Ephraim L. Van Winkle (July 20, 1827 – May 23, 1866) was an American politician who served as Secretary of State of Kentucky from 1863 until his death in 1866. He was most likely a member of the Whig Party.

== Early life and education ==
Ephraim L. Van Winkle was born on July 20, 1827, in Wayne County, Kentucky, to Micajah Van Winkle and Mary Phillips. He attended Monticello University and graduated from the University of Louisville's law department in 1850.

== Career ==
After graduating, Van Winkle began practicing law in Wayne County. In 1855, he was elected as a member of the American Party to represent Wayne County in the Kentucky House of Representatives. He was elected Commonwealth attorney for the 6th district in 1856. In 1860, Van Winkle was a Presidential elector for the John Bell and Edward Everett slate.
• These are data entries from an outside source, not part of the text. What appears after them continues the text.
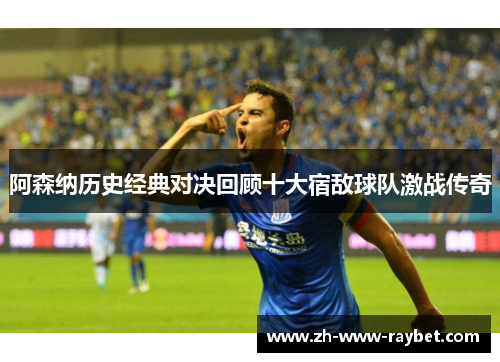 阿森纳历史经典对决回顾十大宿敌球队激战传奇 阿森纳历史经典对决回顾十大宿敌球队激战传奇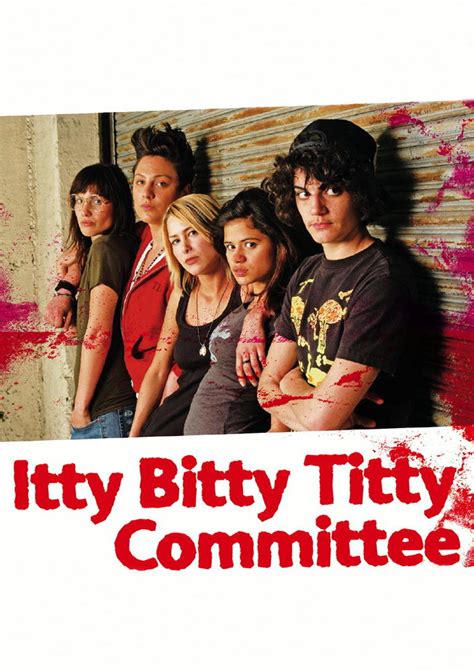 Itty Bitty Titty Committee Film 2007 — Cinésérie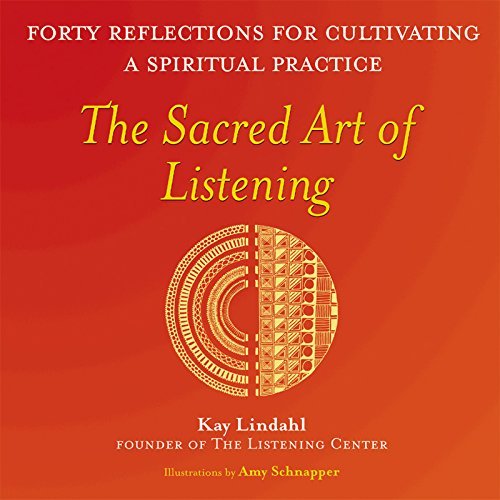 Kay Lindahl The Sacred Art Of Listening Forty Reflections For Cultivating A Spiritual Pra 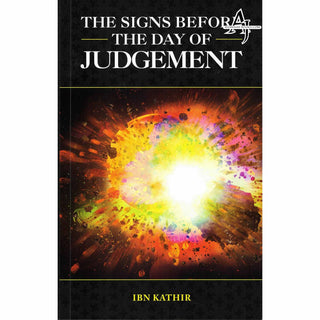 Signs before the day Of Judgement By Ibn Kathir & Mrs Huda Khattab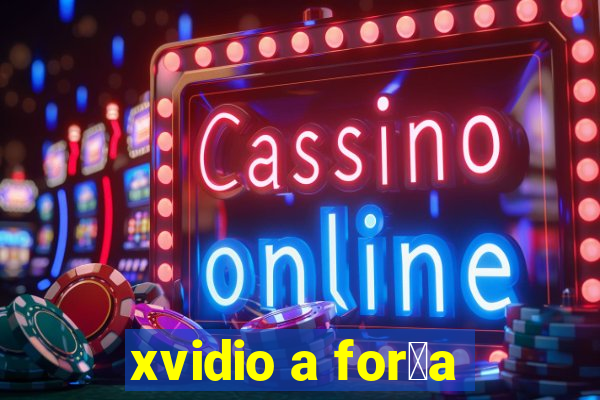 xvidio a for莽a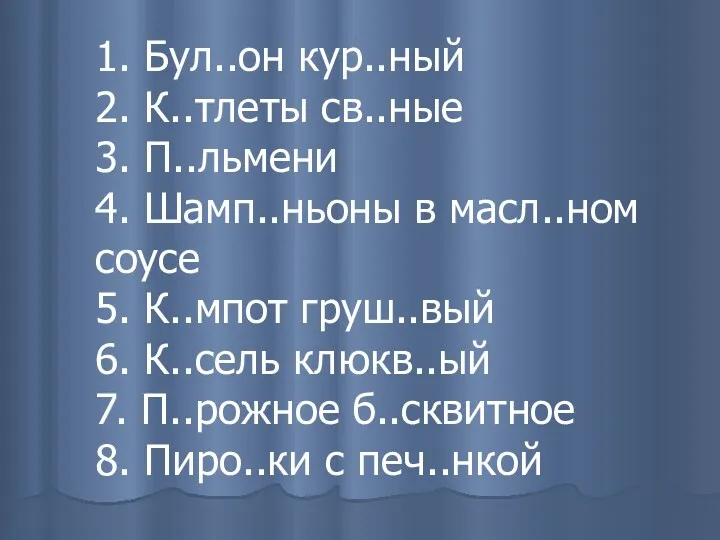 1. Бул..он кур..ный 2. К..тлеты св..ные 3. П..льмени 4. Шамп..ньоны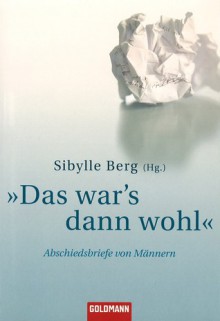 "Das war's dann wohl": Abschiedsbriefe von Männern - Sibylle Berg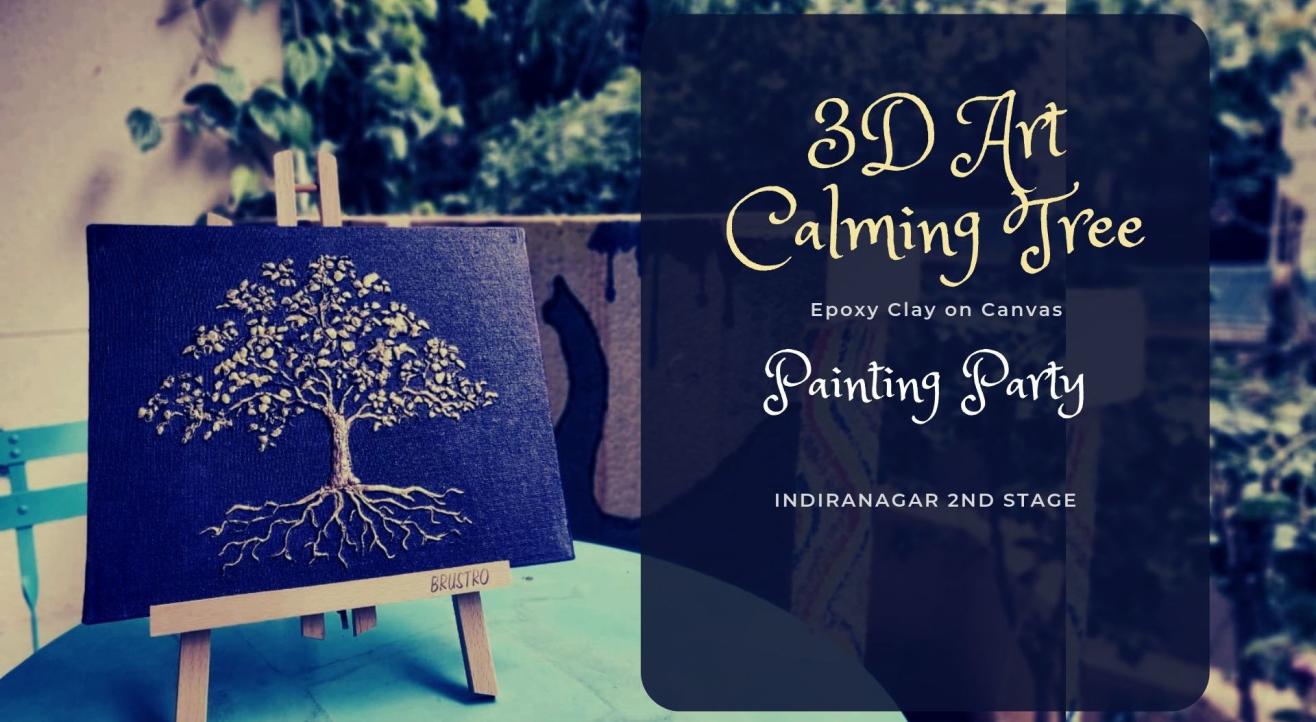 3D Art on Canvas - Calming Tree Painting Party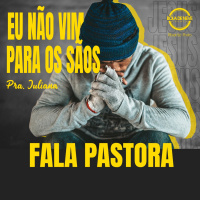 PRA JULIANA - Eu não vim para os sãos - 04-09-2022
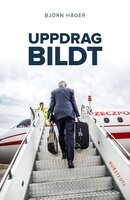 Uppdrag Bildt : en svensk historia - Björn Häger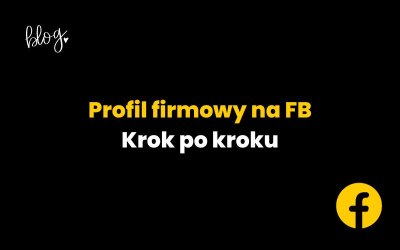 Profil firmowy na FB | Krok po kroku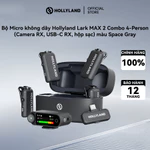 Bộ Micro không dây Hollyland LARK MAX 2 Combo 4-Person Version (Camera RX, USB-C RX) Space Gray — ảnh 1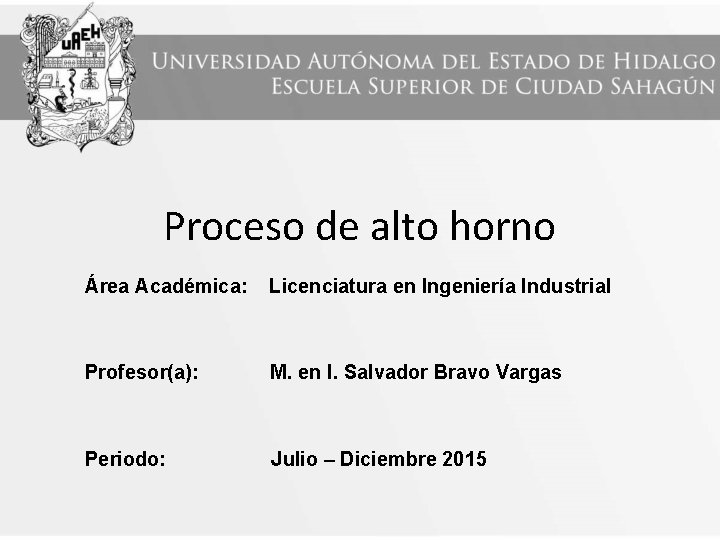 Proceso de alto horno Área Académica: Licenciatura en Ingeniería Industrial Profesor(a): M. en I.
In 1863, Van Winkle was appointed Secretary of State of Kentucky by governor Thomas E. Bramlette. He had emancipationist beliefs.

== Death ==
Van Winkle died on May 23, 1866, at the age of 38. He was interred in Frankfort, Kentucky. His position as Secretary of State of Kentucky was filled by his brother John S. Van Winkle.